The evolution of deception
The evolution of deception
In order to survive we have evolved to coordinate our efforts, it’s virtually impossible to live without the aid of others, as you’ll learn from any survival reality TV show. We are fairly removed from the evidence that would highlight this survival imperative however by virtue of the fact that we rely so much on each at work, at home, in times of need is enough to make anyone take stock of the success of their relationships.
Cooperation vs. exploitation
Cooperating involves assessment and choice. When and why should we cooperate? When it suits us? As a selfless act? For the betterment of the team? Because of the way we are asked? Navigating these choices brings forth questions of our morality and our willingness to put faith in others.
“Cooperation makes it possible for some individuals to cheat, prospering off the cooperative efforts of others. Cooperate too readily and you might get taken for a ride. Cooperate only grudgingly and you don’t reap the benefits of working together.”
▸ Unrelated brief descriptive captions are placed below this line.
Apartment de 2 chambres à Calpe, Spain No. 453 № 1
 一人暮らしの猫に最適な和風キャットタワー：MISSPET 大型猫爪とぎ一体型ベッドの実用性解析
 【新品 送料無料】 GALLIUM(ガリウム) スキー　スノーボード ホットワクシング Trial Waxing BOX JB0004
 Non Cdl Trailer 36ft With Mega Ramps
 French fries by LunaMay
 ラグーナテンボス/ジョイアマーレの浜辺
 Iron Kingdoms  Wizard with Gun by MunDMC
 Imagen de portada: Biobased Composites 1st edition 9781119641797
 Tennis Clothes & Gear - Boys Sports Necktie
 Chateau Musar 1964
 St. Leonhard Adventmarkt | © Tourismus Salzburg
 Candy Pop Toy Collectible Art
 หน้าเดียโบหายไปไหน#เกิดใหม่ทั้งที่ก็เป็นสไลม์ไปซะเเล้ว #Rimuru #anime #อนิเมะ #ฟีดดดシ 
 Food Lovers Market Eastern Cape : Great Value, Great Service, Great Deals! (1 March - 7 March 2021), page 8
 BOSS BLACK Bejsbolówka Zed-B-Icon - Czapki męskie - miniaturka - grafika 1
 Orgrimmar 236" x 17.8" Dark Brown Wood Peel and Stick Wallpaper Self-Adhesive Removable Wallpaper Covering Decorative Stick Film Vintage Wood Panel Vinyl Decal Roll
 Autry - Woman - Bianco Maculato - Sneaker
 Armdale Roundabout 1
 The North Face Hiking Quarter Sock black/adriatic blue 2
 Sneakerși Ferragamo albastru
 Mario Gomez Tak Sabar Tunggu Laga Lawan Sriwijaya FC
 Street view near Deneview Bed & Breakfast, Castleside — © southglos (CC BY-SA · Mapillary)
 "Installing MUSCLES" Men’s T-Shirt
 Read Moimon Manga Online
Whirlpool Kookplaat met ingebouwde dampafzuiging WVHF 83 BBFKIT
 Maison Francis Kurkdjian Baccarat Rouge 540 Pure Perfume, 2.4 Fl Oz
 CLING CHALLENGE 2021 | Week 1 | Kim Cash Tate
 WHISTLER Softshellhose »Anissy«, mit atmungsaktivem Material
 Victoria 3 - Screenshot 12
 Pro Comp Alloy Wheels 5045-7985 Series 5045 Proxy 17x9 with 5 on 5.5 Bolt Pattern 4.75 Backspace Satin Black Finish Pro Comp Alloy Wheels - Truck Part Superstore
Rob Brooks, Professor of Evolutionary Ecology and Director of the Evolution & Ecology Research Centre, University of NSW, Australia.
Evolutionary biologists and sociologists spend their careers attempting to understand the complexity of human cooperation and the behaviour that has led us develop the societies we live in. In a recent study published by The Royal Society, researchers have gotten closer to unpicking the tactics behind deception. Understanding how humans deceive where there is gain to be had by tricking others into cooperation, contributing to how we all operate.
What researchers have confirmed is that ‘tactical deception’, where one person misrepresents information to another, is a common tactic that allows a person to mask their intentions or past behaviour in order to get what they want, essentially eliciting cooperation. This is especially obvious in partnerships where there is an imperative to cooperate or lose all. To some degree we all do this, recount stories or information in a way that colours how others understand the information. When does it become an outright lie? the research is noncommittal in pinning it down but suggest the truth is in assessing actions over time.
There are numerous ways to coerce people into giving you what you want, these range from outright threats, duress and abuse to more subtle persuasion. To what degree would you waiver if its not in your favour to do so? What is considered ethical in the efforts of law enforcement, for example, to draw information form suspects? These questions are perpetually asked as we become societies committed to human rights.